What has kept Sweden out of war has rather been luck combined with hypocrisy, the ability to outwardly say one thing but in practice do another. The most famous example is from the second world war, when iron ore exports from Sweden were of decisive importance for the German war industry.

As a Swede, it is easy to believe the myth that Sweden – because it has not officially been at war since 1814 – does not have a violent history. There is a collective inability, a sheer unwillingness to see our own brutality and the consequences of our nation’s silence. But we live in a dynamic world where international conflicts have an immediate resonance in our local communities. Sweden itself has changed faster than our self-image has had time to.
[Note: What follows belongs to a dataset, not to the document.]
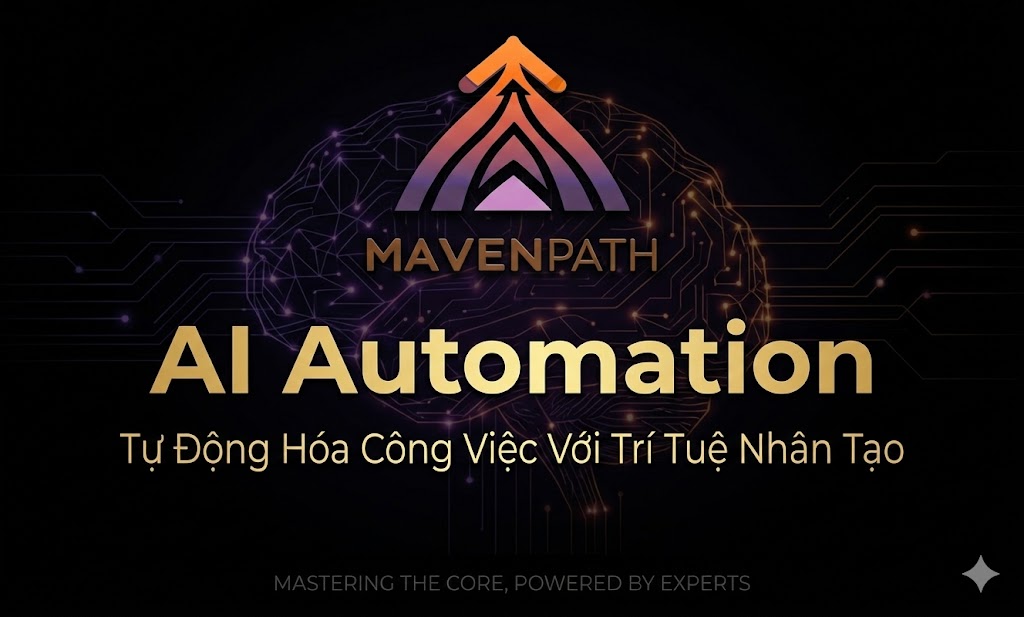Tự Động Hóa Công Việc Với Trí Tuệ Nhân Tạo: Giải Pháp Đột Phá Năng Suất 4.0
We still cling to the creed that that we are a peaceful society for example, but no other country in Europe shows increases in gun violence comparable to that in Sweden.

A re-evaluation of the Swedish national psyche is overdue. Our silence and inability to take a stand is not, as we Swedes have been taught, a passive or noble act, it in fact often contains violent activity and effort.

The delusion that Sweden, together with Switzerland, is on a moral Alpine peak, is one that most people have received with their mother’s milk. Swedish names such as Olof Palme and Dag Hammarskjöld, saintly figures in the pantheon of international diplomacy, came to symbolise a nation that was as dedicated as they were to peace and international cooperation.

Civil defence minister Carl-Oskar Bohlin at a defence conference in Salen, Sweden, 7 January 2023
Civil defence minister Carl-Oskar Bohlin at a defence conference in Salen, Sweden, 7 January 2023. Photograph: Pontus Lundahl/EPA

I am just one of countless Swedes who has travelled the world with a smug smile on my face and answered questions about the Swedish model, all the advantages of the Swedish security system and our neutrality, which for many decades gave us the role of mediator and world conscience. We have long connected our country’s strong welfare provision with our foreign policy stance, but this mental Venn diagram is now broken.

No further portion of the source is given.